Closed tpoterba closed 5 years ago
While you're at it, can you remove entriesRVD warning if col key is empty?
The strictify is needed to ensure that the resulting entriesRVD is ordered by [row key, col key]. If the row key is empty, the only way to do this would be to explode the rows then shuffle to sort by col key.

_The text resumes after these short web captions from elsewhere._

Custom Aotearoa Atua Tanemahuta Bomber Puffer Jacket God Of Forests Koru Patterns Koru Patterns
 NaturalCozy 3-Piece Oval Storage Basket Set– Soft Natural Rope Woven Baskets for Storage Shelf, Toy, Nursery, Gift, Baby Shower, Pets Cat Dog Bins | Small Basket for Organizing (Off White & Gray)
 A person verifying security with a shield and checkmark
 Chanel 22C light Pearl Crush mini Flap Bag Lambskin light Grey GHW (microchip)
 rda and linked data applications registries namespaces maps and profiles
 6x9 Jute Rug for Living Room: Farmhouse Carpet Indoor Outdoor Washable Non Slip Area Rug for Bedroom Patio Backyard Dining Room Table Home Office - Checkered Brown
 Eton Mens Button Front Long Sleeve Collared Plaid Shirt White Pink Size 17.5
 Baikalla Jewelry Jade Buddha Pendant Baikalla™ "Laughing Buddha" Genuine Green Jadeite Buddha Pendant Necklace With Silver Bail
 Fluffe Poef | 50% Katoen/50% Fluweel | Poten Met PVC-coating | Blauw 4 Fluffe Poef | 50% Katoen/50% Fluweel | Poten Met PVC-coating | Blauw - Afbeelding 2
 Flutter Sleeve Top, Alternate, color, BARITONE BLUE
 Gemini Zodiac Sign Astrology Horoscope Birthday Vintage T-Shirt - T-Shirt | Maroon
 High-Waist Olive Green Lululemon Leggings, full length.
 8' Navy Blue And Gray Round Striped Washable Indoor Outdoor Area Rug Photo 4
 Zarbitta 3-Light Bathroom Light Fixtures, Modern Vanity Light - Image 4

I'm not sure what behavior we want for this. The empty row key is just the extreme case of having too coarse a row key, so that the rows having a given row key are too large to fit one partition and sort the entries by [row key, col key]. Until we can dynamically estimate the data sizes, we have to make some assumption about when a key's worth of data fits on a partition, and otherwise we have to shuffle.
If the col key was also empty, we could do this without a shuffle, because there is no ordering requirement on the entriesRVD. I could recognize and optimize that case as a partial solution.
I see the problem, yeah
we can't really ever shuffle the entries, though. We may need a solution that groups by key and explodes.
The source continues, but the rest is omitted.